Draft Genome Sequence of the Sordariomycete Lecythophora (Coniochaeta) hoffmannii CBS 245.38

Sabrina Leonhardt a,, Enrico Büttner a, Anna Maria Gebauer a, Martin Hofrichter a, Harald Kellner a
PMCID: PMC5814504  PMID: 29449401

ABSTRACT

Lecythophora (Coniochaeta) hoffmannii, a soil- and lignocellulose-inhabiting sordariomycete (Ascomycota) that can also live as a facultative tree pathogen causing soft rot, belongs to the family Coniochaetaceae. The strain CBS 245.38 sequenced here was assembled into 869 contigs, has a size of 30.8 Mb, and comprises 10,596 predicted protein-coding genes.

GENOME ANNOUNCEMENT

Lecythophora (Coniochaeta) hoffmannii (J. F. H. Beyma) Gams and McGinnis (1983) is a filamentous ascomycetous mold that belongs to the family Coniochaetaceae (order Sordariales). Here, we present the second genome sequence of this family (1). The fungus is a facultative plant pathogen, colonizes as saprotroph soils, leaf litter, and coarse wood debris, and can cause opportunistic mycosis in humans (24). Ecophysiologically, L. hoffmannii is a soft-rot fungus and is able to utilize aromatic compounds (phenolics and aryl alcohols/aldehydes) that emerge during wood decomposition (2). In particular, the fungus colonizes the surface of wood, the lignified cell walls of which it penetrates with thin hyphae. The process of wood decomposition is mediated mainly by extracellular glycosidases (5, 6), such as cellulases and xylanases (79).
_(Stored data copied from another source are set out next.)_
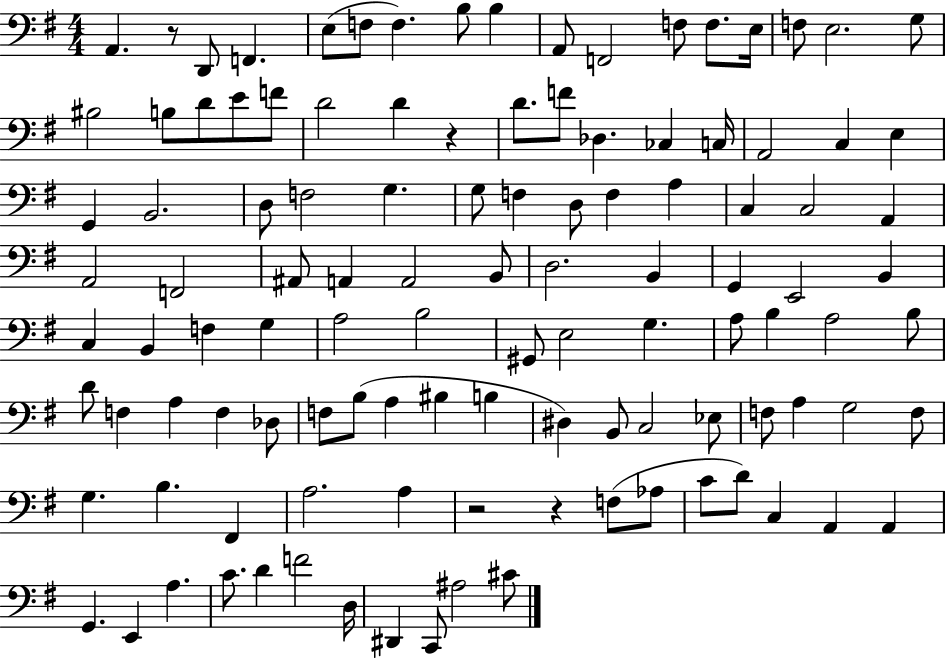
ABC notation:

X:1
T:Untitled
M:4/4
L:1/4
K:G
A,, z/2 D,,/2 F,, E,/2 F,/2 F, B,/2 B, A,,/2 F,,2 F,/2 F,/2 E,/4 F,/2 E,2 G,/2 ^B,2 B,/2 D/2 E/2 F/2 D2 D z D/2 F/2 _D, _C, C,/4 A,,2 C, E, G,, B,,2 D,/2 F,2 G, G,/2 F, D,/2 F, A, C, C,2 A,, A,,2 F,,2 ^A,,/2 A,, A,,2 B,,/2 D,2 B,, G,, E,,2 B,, C, B,, F, G, A,2 B,2 ^G,,/2 E,2 G, A,/2 B, A,2 B,/2 D/2 F, A, F, _D,/2 F,/2 B,/2 A, ^B, B, ^D, B,,/2 C,2 _E,/2 F,/2 A, G,2 F,/2 G, B, ^F,, A,2 A, z2 z F,/2 _A,/2 C/2 D/2 C, A,, A,, G,, E,, A, C/2 D F2 D,/4 ^D,, C,,/2 ^A,2 ^C/2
Analysis of 28S rRNA genes of the genus Lecythophora revealed that the taxon appears as a monophyletic group related to teleomorphs of the genus Coniochaeta; however, for the species sequenced here, no teleomorph is currently known (10). Since L. hoffmannii is widespread and has strong activity on lignocelluloses, its genome provides a significant resource for biotechnological and ecological studies.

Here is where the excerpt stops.